-- GIVEN INFORMATION follows --

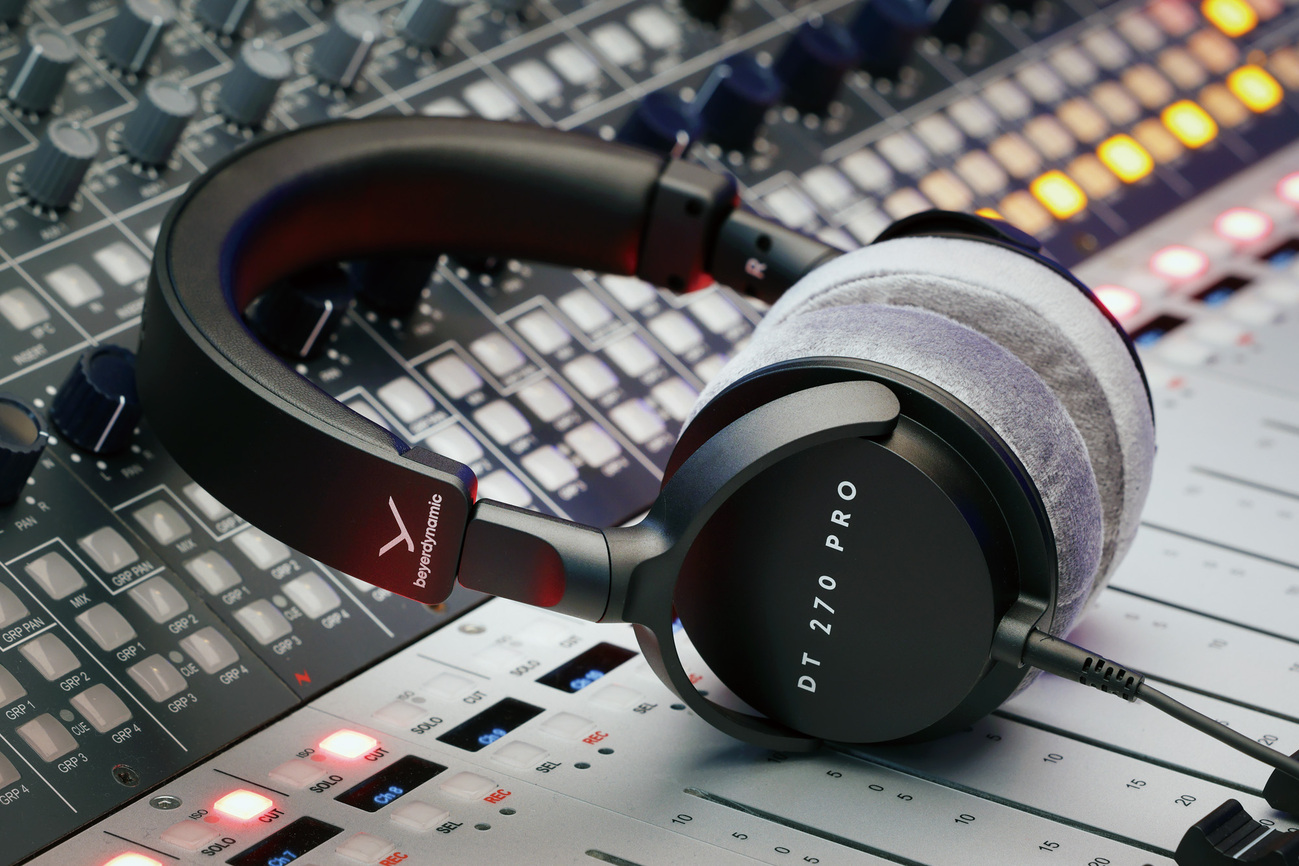 beyerdynamicの音が2万円以下で手に入る！？ 〜DT 270 PROを徹底検証 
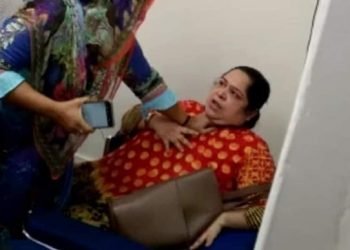 রোজিনা ইসলামের প্রতি আচরণ স্বাধীন সাংবাদিকতার টুটি চেপে ধরার শামিল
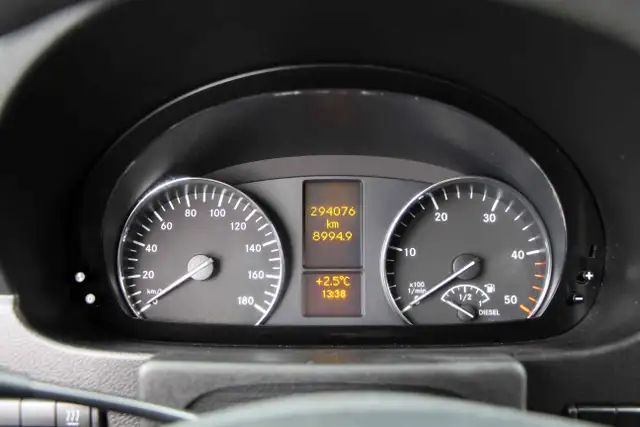 2018 Mercedes-Benz Sprinter Cargo Van 2500 170 High-Roof - Photo 20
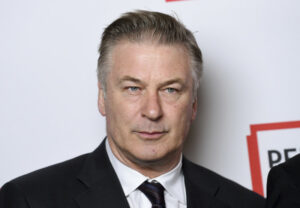 La abogada de la familia Hutchins acusa a Baldwin de usar el juicio para su serie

-- GIVEN INFORMATION concluded --

## WORK TASK
Take the line containing "2018 Mercedes-Benz Sprinter" as the first line and the last line of the data above as the final one, and output exactly the lines between them, inclusive, with no pictures.

## EXERCISE SOLUTION
 2018 Mercedes-Benz Sprinter Cargo Van 2500 170 High-Roof - Photo 20
 La abogada de la familia Hutchins acusa a Baldwin de usar el juicio para su serie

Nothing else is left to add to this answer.